へしこはスライスされた二枚の大根とチーズに挟まれており、チーズの香りが米糠のしょっぱい味と一緒になって口の中で絶妙なデュエットを奏でるような味わいでした。

へしことは若狭美浜の各家庭で発達した長い時間米糠につけた保存食のことで、サバやイワシ、フグなどの魚が使用されます。
各家庭ごとにオリジナルのレシピがあるそうですが「漁場の宿はっとり」ではスライスされた大根やチーズの他にも日本酒を使ったりなどというレシピを持っているそうです。

そして、美浜のへしこを広めるために、日向の漁村4つの民宿の女将たちが集まって「女将の会」を結成し「日向のかあちゃん特製へしこ」というおいしいへしこを製造しています。この会で作られるへしこは年間8000本程、全国各地へと出荷しています。
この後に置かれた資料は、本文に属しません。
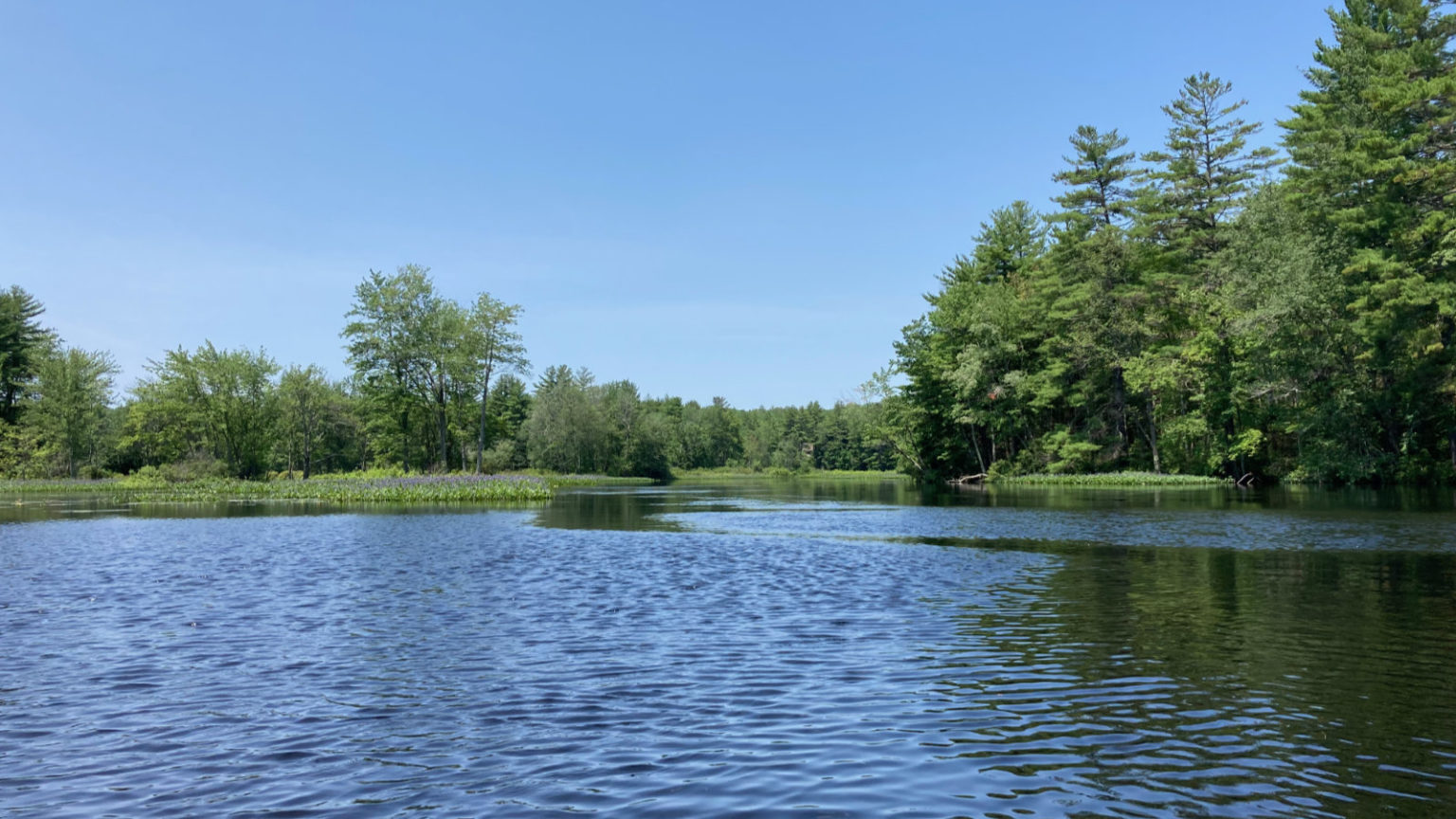 Kayaking Powder Mill Pond Protean Wanderer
へしこは有名な米品種「こしひかり」を使った米糠に漬けられ、出来上がるまでには1年間を要します。1年の間、重い石を蓋の上に載せて漬けるのですが、それがはずれていないかなど、女将たちは毎日桶をチェックをするそうです。

へしこの歴史は古く、この地方では冬の休漁期間におけるタンパク源として江戸時代中期頃にはすでに製造をしていたそうです。
ある研究結果によると、へしこにはペプチドが豊富に含まれており、摂取すると免疫力を高めることができるとされています。この話しを聞くと、この地方の人々が長寿であることも不思議ではないと確信できます。
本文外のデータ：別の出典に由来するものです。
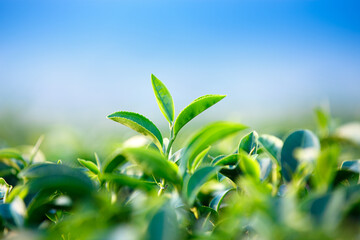 Wall Mural - close up Green Tea Leaves shoots in a tea plantation , nature background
「日向のかあちゃん特製へしこ」と「漁場の宿はっとり」のへしことは、やはり微妙な味の違いがありました。スライスしてそのまま食べるとしたら、地元のお酒「早瀬浦 純米吟醸」と一緒にいただくと風味がさらに増し、とても合います!

地元でしか味わえない体験は非常に重要で、創造性を感じることができる。もしあなたが美浜の海岸に来るとしたら是非地元の食材を試してみて欲しい。台湾人である私たちを温かくもてなしてくれる美浜の人たちの気持ちにも触れることができるはずです。